Ähnliche Erfahrungen machte Hans-Michael Weisky, Vorsitzender der BRK Wasserwacht Traunstein und stellvertretender Kreisvorsitzender des BRK: Er leitet eine Arbeitsgruppe im Bayerischen Jugendrotkreuz zu dieser Thematik und steht als Vertrauensperson für eine Notfallnummer innerhalb des BRK zur Verfügung. „Da kam es schon mal vor, dass man auf einer Feier war, einen Anruf bekam und dann in kürzester Zeit eine seelisch sehr labile Person individuell und so einfühlsam wie möglich betreuen musste. Trotz einer entsprechenden Schulung ist das eine nicht immer leichte Aufgabe“.
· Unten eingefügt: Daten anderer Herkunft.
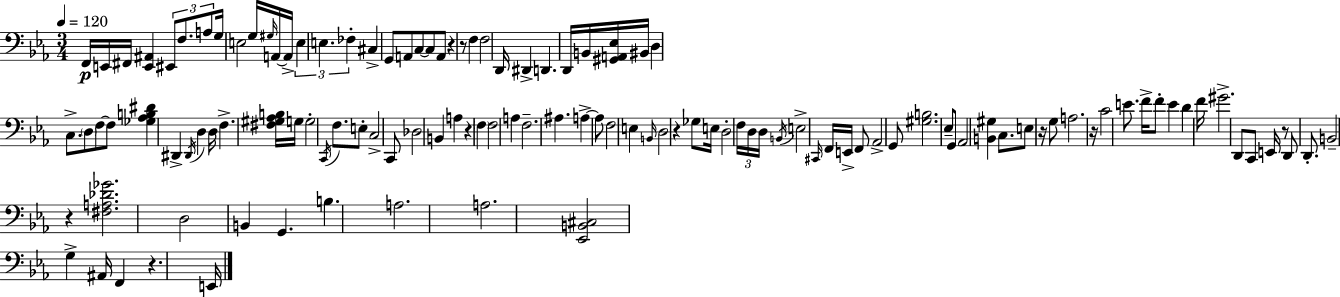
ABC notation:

X:1
T:Untitled
M:3/4
L:1/4
K:Eb
F,,/4 E,,/4 ^F,,/4 [E,,^A,,] ^E,,/2 F,/2 A,/2 G,/4 E,2 G,/4 ^G,/4 A,,/4 A,,/4 E, E, _F, ^C, G,,/2 A,,/2 C,/2 C,/2 A,,/2 z z/2 F, F,2 D,,/4 ^D,, D,, D,,/4 B,,/4 [^G,,A,,_E,]/4 ^B,,/4 D, C,/2 D,/2 F,/2 F,/2 [_G,_A,B,^D] ^D,, ^D,,/4 D, D,/4 F, [^F,^G,_A,B,]/4 G,/4 G,2 C,,/4 F,/2 E,/2 C,2 C,,/2 _D,2 B,, A, z F, F,2 A, F,2 ^A, A, A,/2 F,2 E, B,,/4 D,2 z _G,/2 E,/4 D,2 F,/4 D,/4 D,/4 B,,/4 E,2 ^C,,/4 F,,/4 E,,/4 F,,/2 _A,,2 G,,/2 [^G,B,]2 _E,/2 G,,/2 _A,,2 [B,,^G,] C,/2 E,/2 z/4 G,/2 A,2 z/4 C2 E/2 F/4 F/2 E D F/4 ^G2 D,,/2 C,,/2 E,,/4 z/2 D,,/2 D,,/2 B,,2 z [^F,A,_D_G]2 D,2 B,, G,, B, A,2 A,2 [_E,,B,,^C,]2 G, ^A,,/4 F,, z E,,/4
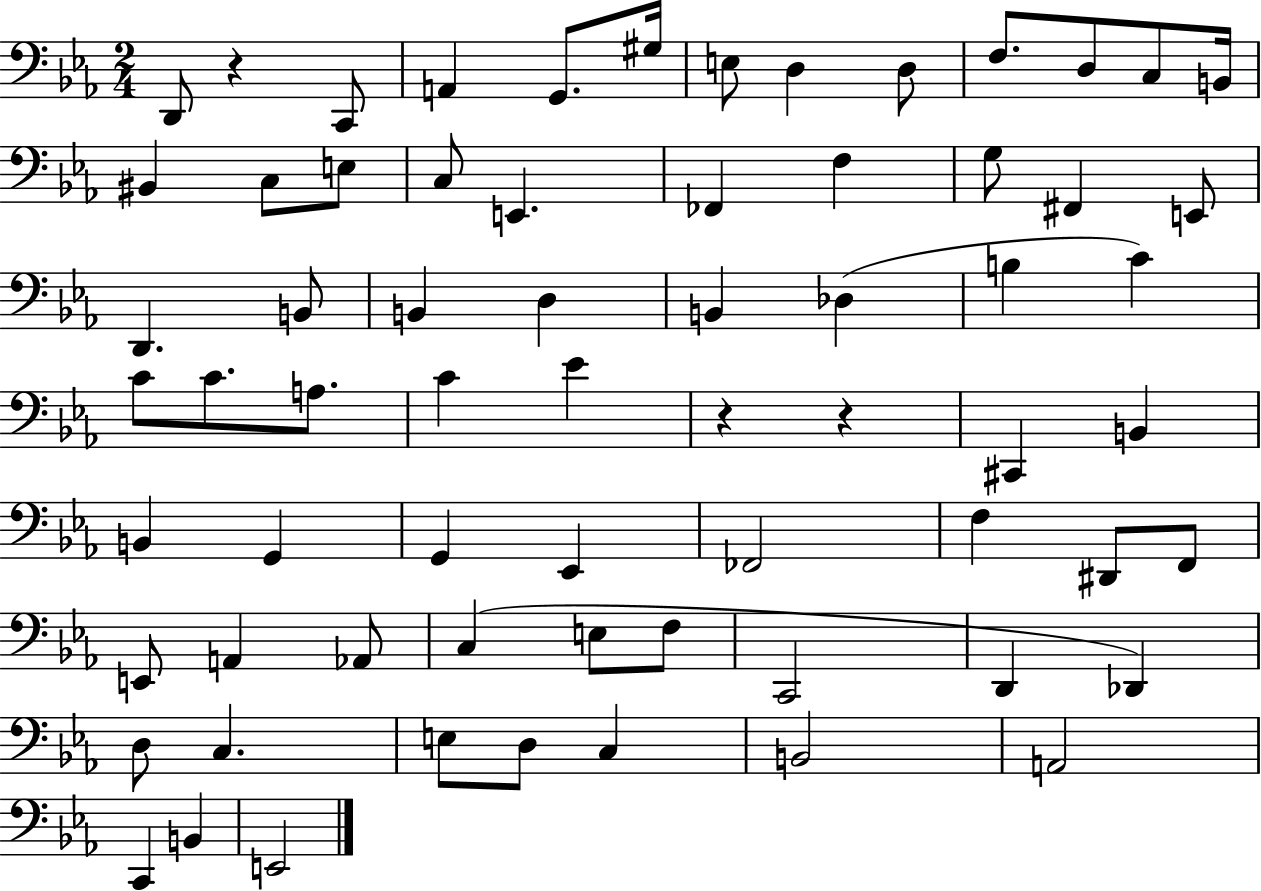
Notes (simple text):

D2/e R/q C2/e A2/q G2/e. G#3/s E3/e D3/q D3/e F3/e. D3/e C3/e B2/s BIS2/q C3/e E3/e C3/e E2/q. FES2/q F3/q G3/e F#2/q E2/e D2/q. B2/e B2/q D3/q B2/q Db3/q B3/q C4/q C4/e C4/e. A3/e. C4/q Eb4/q R/q R/q C#2/q B2/q B2/q G2/q G2/q Eb2/q FES2/h F3/q D#2/e F2/e E2/e A2/q Ab2/e C3/q E3/e F3/e C2/h D2/q Db2/q D3/e C3/q. E3/e D3/e C3/q B2/h A2/h C2/q B2/q E2/h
Für den Kreisjugendring Traunstein referierte deren stellvertretender Kreisvorsitzender Georg Schmid über die Schulung von Vereinen und deren Ehrenamtlichen bezüglich des Umgangs mit sexuellem Missbrauch. Dabei präsentierte er auch die von der Sportjugend erstellte sehr informative Broschüre zu diesem Thema, welche altersgemäß und jeweils geschlechterspezifisch einen Hilfeleitfaden mit Ansprechpartnern sowie weitere Informationen bietet. „Kinder können darin viel zum Thema Grenzüberschreitung, zum Thema „Nein sagen“ sowie im Fall der Fälle Kontaktnummern von Hilfsorganisationen finden.“

Als weiterer Referent nahm für die Justiz Jugendrichter Dr. Michael Weigl vom Amtsgericht Traunstein an der Veranstaltung teil. Er schilderte insbesondere die Probleme in der Strafverfolgung, da die Opfer meist Jahre nach der Tat und dabei häufig erst bei Verlassen des Elternhauses Anzeige erstatten würden und somit die Beweisfindung sehr problematisch sei. „ Die Zahl derer, welche aufgrund einer Sexualstraftat letztendlich verurteilt werden können, liegt leider nur um 1%, auch weil viele beispielsweise davor zurückschrecken, bei Delikten in der Familie ihre eigenen Verwandten anzuzeigen, so dass die Justiz nur mit einem Bruchteil aller Fälle befasst wird.“

Im Laufe der vielschichtigen Diskussion wurden dabei auch die gesellschaftlichen Probleme im Bezug auf das Bild der Frau als Objekt in Pornografie oder auch Ressentiments, öffentlich über das Thema sexuelle Gewalt zu sprechen und dieses totzuschweigen oder lieber wegzuschauen, diskutiert.

Am Ende der Veranstaltung befanden alle Teilnehmer, dass auch insbesondere durch den Kreisjugendring viel zur Präventionsarbeit beigetragen wird, Anlaufstellen für Missbrauchsopfer gut vorhanden sind, jedoch ein großes Kommunikationsproblem über das Thema herrsche. So forderte Maria Noichl: „Präventionsarbeit muss insbesondere dort stattfinden, wo man alle Kinder und Jugendliche erreichen kann und das ist in der Schule. Dass in den Lehrplänen der Schulen jährlich zwei Feueralarmübungen, aber keine Stunde zur Prävention von Kindern vor sexueller Gewalt vorgesehen ist, muss dringend geändert werden.“

Die Teilnehmer an der Veranstaltung konnten sich im Anschluss an einem Infostand des weiteren noch anhand von Broschüren über die Präventionsarbeit der verschiedenen Jugendverbände, denen die Möglichkeit geboten wurde sich zu präsentieren, informieren.